- [WORK ORDER]:
The pictures are to be left out, and all remaining data is to be transcribed exactly as it appears.

- [GIVEN DATA]:
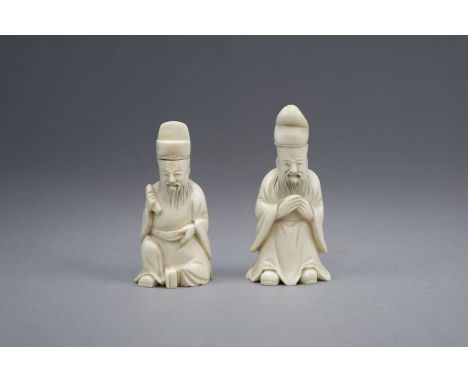 A pair of Chinese carved ivory snuff bottles Late Qing Dynasty Each modelled as an official, one seated and holding a scroll,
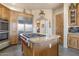 Island kitchen with stainless steel appliances and granite countertops at 39816 N 106Th Pl, Scottsdale, AZ 85262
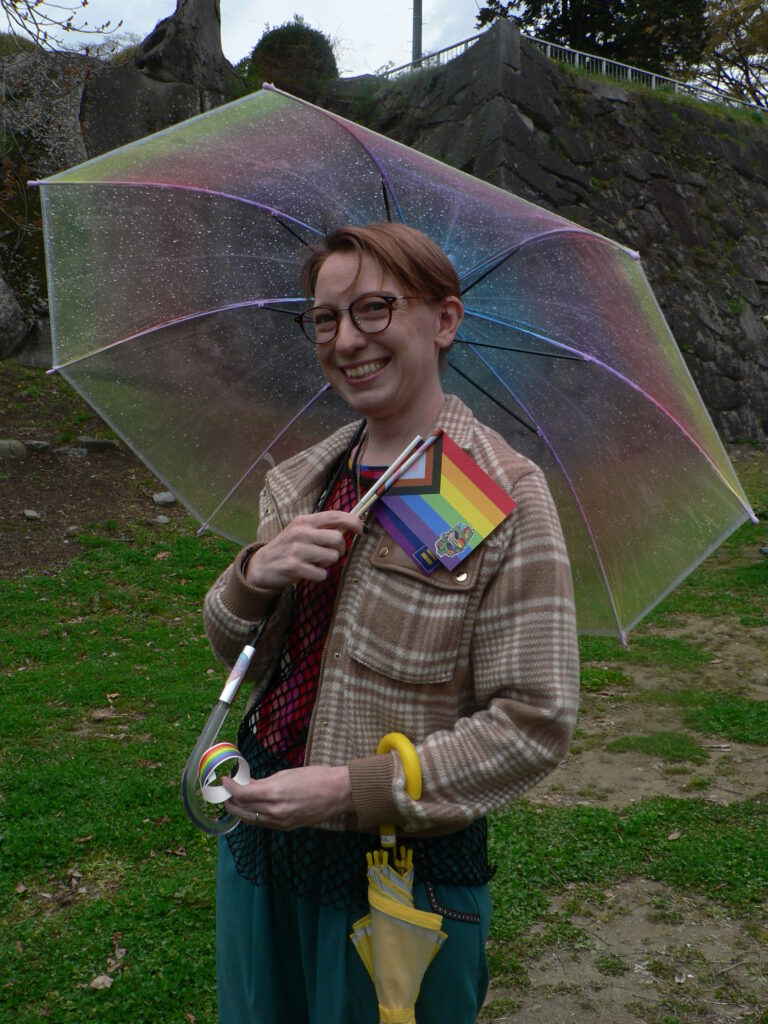 Chris Takisawa smiles while holding a rainbow umbrella and Progress Pride flag at Morioka Castle Ruins Park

- [ANSWER TO THE PROBLEM]:
 A pair of Chinese carved ivory snuff bottles Late Qing Dynasty Each modelled as an official, one seated and holding a scroll,
 Island kitchen with stainless steel appliances and granite countertops at 39816 N 106Th Pl, Scottsdale, AZ 85262
 Chris Takisawa smiles while holding a rainbow umbrella and Progress Pride flag at Morioka Castle Ruins Park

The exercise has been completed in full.